The Crown Attorney will most often withdraw or stay the charges when there is either no reasonable prospect of conviction (RPC) or if it is no longer in the public interest to proceed. In both circumstances, it means that you no longer have to go back to the Court and the case is finished (including any recognizances or orders you may be on). However, there is one big difference, a withdraw means the charges are completely finished, whereas, a stay carries with it a one year grace period where if you are charged with new Criminal offences, the Crown can choose to reopen the stayed charges and continue the prosecution against you (albeit, this rarely occurs).
An absolute discharge is the lowest form of sentence available. There is a formal finding of guilt, meaning the facts of the offence are admitted which makes out the essential elements of the offence, however, there is no conviction. With an absolute discharge there are no terms of probation or any conditions that have to be followed. An absolute discharge will stay on your Criminal Record for a grace period of one year, there is no need to apply for a pardon, the absolute discharge will be automatically removed.
Similarly to an absolute discharge, there is a formal finding of guilt, however there is no conviction. Unlike an AD, a conditional discharge includes a period of probation ranging from one to three years where the Judge will clearly specify a set of conditions that have to be followed. Failure to do so can result in further Criminal charges. A conditional discharge will stay on your Criminal Record for a period of three years, after which you will have to apply for a pardon for it to be removed.

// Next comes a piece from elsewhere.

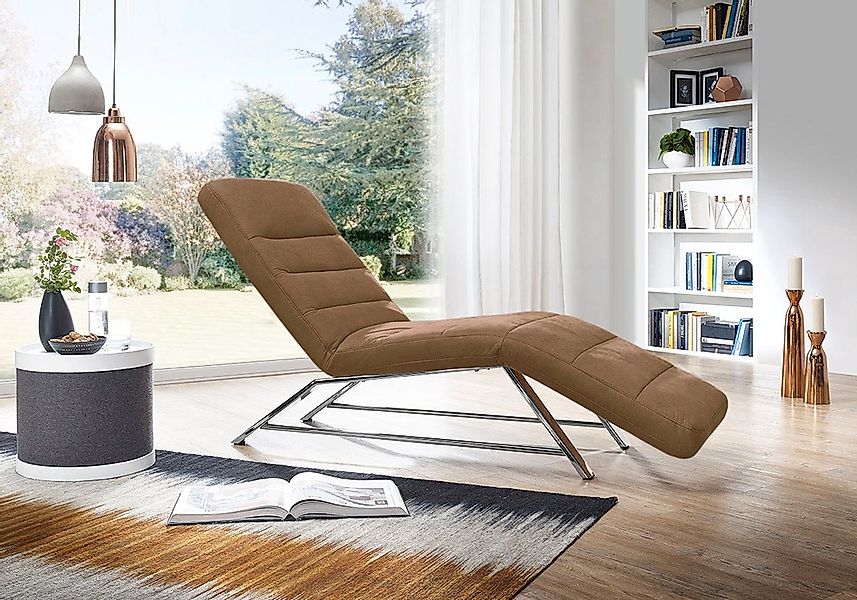 W.SCHILLIG Relaxliege »daily dreams«, Funktionsliege wahlweise mit Motor, G günstig online kaufen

A fine carries a formal finding of guilt and a conviction. It can be ordered either in lieu of or in addition to any terms of a suspended sentence, intermittent sentence, conditional sentence, and imprisonment. It cannot be given on top of an absolute discharge, or a conditional discharge, because despite the formal finding of guilt, a conviction has not been registered. The Court will give a period of time to pay the fine, failure to do so might result in additional criminal charges. If you are unable to pay the amount in the allotted time, you can ask to have a hearing in front of Judge to ask for more times, most Judges will consider a time extension as long as there have been some valiant efforts made in paying the Court and with reasons as to why more time is required.
A suspended sentence occurs when there is both a formal finding of guilt and a conviction. Initially, a suspended sentence is not considered a final disposition. The Judge is ordering that the Offender’s sentence will be temporarily postponed, meaning the individual is obliged to follow conditions that can last for a period of one to three years. If they successfully abide by all the terms the Judge is unlikely to order or re-sentence the Offender to a period of incarceration. However, if they breach any of the conditions, not only can the Offender be charged with failure to comply with probation, the Judge may revoke the suspended sentence and choose to re-sentence them. A suspended sentence will result in a criminal record and you will have to apply for a pardon to have it removed.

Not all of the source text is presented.